# Enlighten Me Please



## saladshooter (Jul 16, 2020)

Is this just a couple guys going at it? Or is this tank special? It's a beautiful tank with nice decals for sure..but it's entering jewel tank territory it seems.









						VINTAGE PRE WAR SCHWINN MOTOR BIKE TANK 1930'S ORIGINAL MEN'S BICYCLE PART  | eBay
					

It has the original paint. The door hinge and latch work properly. There are no dents in the tank.



					rover.ebay.com


----------



## hzqw2l (Jul 16, 2020)

Looks like more than just 2 bidders. 

Currently someone willing to trade 2 shares of Tesla for it.    Prices going up all across the board these days...


----------



## 1motime (Jul 16, 2020)

VINTAGE PRE WAR SCHWINN MOTOR BIKE BICYCLE FRAME 1930'S ORIGINAL MEN'S BIKE  | eBay
					

The serial number is at the bottom of the crank. The number is R6327.



					rover.ebay.com
				




Seller also has listed the frame for it. Multiple bids on that.  Ad says he will be listing the other parts soon.  Was a good bike and he will probably make a killing.
So every bike, boy's included. will be parted?  Then every collector will have a pile of mismatched parts?  Then the hobby will be all about finding the original parts for each bike?
Sounds like fun


----------



## Frank and Pam Skid Kings (Jul 16, 2020)

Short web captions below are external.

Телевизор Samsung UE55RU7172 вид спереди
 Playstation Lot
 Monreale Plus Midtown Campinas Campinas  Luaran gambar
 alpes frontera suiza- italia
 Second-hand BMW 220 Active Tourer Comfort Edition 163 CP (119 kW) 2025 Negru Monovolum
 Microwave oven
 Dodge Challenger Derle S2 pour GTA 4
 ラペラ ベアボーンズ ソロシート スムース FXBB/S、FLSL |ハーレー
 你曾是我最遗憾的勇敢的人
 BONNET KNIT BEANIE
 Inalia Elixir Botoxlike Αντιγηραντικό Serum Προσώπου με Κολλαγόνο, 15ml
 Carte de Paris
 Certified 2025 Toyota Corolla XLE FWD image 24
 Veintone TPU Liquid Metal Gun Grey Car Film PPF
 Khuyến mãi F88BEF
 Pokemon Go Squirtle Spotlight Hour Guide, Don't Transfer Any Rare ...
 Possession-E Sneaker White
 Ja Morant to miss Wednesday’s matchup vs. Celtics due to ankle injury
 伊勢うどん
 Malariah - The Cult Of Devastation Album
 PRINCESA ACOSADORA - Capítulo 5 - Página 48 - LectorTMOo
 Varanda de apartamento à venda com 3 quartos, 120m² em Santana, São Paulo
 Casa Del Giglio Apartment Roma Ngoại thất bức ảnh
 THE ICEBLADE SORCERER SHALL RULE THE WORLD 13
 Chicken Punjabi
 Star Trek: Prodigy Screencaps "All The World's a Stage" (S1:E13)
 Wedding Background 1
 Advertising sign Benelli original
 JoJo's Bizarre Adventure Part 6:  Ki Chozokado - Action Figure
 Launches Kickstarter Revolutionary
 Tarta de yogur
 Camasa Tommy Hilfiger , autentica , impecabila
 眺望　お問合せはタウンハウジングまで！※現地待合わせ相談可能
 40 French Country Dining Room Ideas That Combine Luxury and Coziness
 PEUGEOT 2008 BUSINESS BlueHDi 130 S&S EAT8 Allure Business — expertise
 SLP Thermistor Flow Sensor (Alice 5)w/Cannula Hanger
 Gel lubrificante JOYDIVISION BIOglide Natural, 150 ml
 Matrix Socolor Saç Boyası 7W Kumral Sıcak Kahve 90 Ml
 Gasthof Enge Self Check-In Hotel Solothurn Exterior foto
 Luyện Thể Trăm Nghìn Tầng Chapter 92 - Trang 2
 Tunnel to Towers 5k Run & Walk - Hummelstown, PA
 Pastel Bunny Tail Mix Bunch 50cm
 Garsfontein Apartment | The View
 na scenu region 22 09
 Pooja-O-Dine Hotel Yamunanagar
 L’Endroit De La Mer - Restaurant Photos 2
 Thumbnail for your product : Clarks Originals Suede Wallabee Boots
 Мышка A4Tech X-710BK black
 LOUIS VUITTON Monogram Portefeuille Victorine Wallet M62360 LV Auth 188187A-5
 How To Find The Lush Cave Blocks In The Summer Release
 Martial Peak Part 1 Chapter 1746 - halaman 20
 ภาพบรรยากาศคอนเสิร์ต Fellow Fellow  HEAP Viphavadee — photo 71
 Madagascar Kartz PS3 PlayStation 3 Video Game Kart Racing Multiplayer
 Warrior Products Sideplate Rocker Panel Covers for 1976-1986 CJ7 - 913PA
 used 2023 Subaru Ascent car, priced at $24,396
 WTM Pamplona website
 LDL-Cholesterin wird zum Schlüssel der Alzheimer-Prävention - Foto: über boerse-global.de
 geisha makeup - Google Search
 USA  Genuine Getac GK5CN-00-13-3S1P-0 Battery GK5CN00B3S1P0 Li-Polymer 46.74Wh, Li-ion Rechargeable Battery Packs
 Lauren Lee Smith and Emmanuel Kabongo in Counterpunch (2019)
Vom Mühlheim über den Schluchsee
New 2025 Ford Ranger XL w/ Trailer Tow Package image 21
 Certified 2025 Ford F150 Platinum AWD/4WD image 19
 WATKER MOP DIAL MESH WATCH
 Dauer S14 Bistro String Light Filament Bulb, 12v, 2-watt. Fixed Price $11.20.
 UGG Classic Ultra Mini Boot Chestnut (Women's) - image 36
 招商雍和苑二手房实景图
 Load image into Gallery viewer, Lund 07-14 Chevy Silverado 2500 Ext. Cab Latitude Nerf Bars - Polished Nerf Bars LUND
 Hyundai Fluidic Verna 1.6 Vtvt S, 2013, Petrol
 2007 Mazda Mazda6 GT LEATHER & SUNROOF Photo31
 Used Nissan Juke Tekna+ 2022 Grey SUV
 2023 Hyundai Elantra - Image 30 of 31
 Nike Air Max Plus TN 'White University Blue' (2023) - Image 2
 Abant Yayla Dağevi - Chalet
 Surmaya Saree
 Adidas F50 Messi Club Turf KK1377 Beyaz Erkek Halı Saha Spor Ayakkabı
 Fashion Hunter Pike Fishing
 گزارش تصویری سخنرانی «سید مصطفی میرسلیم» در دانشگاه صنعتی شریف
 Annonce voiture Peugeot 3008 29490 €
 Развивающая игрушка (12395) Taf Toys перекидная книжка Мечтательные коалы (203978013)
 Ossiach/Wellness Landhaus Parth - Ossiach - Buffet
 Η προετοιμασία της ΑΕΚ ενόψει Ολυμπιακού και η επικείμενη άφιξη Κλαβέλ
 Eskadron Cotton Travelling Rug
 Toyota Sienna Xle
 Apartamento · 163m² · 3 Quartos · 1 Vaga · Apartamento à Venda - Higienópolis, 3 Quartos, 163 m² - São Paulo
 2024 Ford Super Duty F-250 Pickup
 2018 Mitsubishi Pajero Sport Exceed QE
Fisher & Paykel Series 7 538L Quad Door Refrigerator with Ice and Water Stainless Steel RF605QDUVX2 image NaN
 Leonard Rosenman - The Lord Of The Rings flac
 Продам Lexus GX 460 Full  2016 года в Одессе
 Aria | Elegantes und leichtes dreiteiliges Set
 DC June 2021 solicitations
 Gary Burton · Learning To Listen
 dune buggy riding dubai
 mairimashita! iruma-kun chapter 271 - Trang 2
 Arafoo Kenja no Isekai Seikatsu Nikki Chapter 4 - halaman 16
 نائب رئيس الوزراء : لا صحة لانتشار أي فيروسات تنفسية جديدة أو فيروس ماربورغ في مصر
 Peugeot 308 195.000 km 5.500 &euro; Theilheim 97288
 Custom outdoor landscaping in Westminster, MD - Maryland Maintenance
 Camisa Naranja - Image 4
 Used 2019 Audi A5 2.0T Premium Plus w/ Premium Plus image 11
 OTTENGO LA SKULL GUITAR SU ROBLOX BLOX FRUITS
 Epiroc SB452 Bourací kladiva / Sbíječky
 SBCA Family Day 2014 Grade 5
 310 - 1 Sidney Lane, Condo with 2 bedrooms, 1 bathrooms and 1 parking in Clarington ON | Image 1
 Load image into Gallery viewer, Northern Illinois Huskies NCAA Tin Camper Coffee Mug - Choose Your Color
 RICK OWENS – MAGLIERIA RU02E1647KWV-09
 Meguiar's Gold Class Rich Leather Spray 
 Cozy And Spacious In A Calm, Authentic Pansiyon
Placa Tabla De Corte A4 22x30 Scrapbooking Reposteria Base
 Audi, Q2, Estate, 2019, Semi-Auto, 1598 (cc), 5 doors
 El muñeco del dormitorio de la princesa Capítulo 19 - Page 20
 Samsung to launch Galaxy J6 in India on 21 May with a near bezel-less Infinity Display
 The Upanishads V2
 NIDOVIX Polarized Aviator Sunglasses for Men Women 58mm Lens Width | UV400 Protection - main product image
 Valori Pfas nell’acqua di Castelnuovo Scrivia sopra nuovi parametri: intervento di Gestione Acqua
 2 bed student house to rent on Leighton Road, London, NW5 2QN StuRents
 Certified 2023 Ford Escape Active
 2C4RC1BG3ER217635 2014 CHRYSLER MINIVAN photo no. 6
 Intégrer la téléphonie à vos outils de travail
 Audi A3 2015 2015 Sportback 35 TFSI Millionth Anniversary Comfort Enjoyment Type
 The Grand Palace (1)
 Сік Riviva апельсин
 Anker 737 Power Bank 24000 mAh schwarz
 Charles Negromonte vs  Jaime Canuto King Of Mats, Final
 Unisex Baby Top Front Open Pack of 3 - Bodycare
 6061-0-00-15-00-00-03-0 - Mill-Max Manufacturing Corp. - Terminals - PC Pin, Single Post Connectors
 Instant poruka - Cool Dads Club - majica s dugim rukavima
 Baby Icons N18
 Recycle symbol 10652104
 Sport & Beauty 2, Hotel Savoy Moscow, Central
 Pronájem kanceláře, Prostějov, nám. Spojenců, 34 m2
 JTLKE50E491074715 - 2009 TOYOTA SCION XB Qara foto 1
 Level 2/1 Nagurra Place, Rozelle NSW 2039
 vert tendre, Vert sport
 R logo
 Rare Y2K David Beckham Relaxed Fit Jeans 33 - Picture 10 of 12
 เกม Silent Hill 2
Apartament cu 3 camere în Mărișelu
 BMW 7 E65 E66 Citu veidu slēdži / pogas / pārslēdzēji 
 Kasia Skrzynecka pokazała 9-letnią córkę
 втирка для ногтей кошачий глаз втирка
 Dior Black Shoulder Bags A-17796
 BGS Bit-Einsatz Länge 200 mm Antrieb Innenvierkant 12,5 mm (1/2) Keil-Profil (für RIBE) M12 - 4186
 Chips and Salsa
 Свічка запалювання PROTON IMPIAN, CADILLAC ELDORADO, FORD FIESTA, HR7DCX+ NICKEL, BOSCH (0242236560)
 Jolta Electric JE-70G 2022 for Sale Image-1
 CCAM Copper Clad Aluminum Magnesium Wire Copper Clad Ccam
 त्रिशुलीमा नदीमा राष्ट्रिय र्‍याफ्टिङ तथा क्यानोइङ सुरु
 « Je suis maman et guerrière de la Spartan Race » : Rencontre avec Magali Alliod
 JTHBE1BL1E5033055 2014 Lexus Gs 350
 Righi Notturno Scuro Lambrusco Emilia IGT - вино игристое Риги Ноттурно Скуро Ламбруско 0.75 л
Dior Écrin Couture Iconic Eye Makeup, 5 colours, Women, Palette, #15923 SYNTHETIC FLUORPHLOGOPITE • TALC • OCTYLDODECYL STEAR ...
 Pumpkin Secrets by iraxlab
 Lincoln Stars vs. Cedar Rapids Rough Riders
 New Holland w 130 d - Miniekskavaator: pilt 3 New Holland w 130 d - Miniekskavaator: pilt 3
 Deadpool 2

Can't be too many originals around this nice, so I guess if you have to have it...


----------



## stoney (Jul 16, 2020)

Curious to see the other parts when they come up. Looks like it was a great original bike from the frame and the tank. There hasn't been any prior parts sold from the bike.


----------



## vincev (Jul 16, 2020)

Sounds like seller may be having a friend keeping the bidding going.At the end of the sale the friend[winner] doesnt pay and the second "winner" gets a shot at getting it.lol ??


----------



## bricycle (Jul 16, 2020)

seller looks like a lock and knife collector. It's a great tank, but...


----------



## Handle Bar Hoarder (Jul 16, 2020)

For that price you could buy a whole complete bike like I just did....crazy 3500 or more I think some of you guys are right friends are keeping the building high


----------



## John G04 (Jul 16, 2020)

Schwinn people sure are crazy


----------



## GTs58 (Jul 16, 2020)

John G04 said:


> Schwinn people sure are crazy




Probably a Colson person wanting to convert. Bless me Father for I have sinned.  lmao


----------



## John G04 (Jul 16, 2020)

GTs58 said:


> Probably a Colson person wanting to convert. Bless me Father for I have sinned.  lmao





Possibly @fordmike65 is the bidder?


----------



## ratrodz (Jul 16, 2020)

John G04 said:


> Possibly @fordmike65 is the bidder?




It’s not a girl’s bike... so count Mike out!


----------



## GTs58 (Jul 16, 2020)

ratrodz said:


> It’s not a girl’s bike... so count Mike out!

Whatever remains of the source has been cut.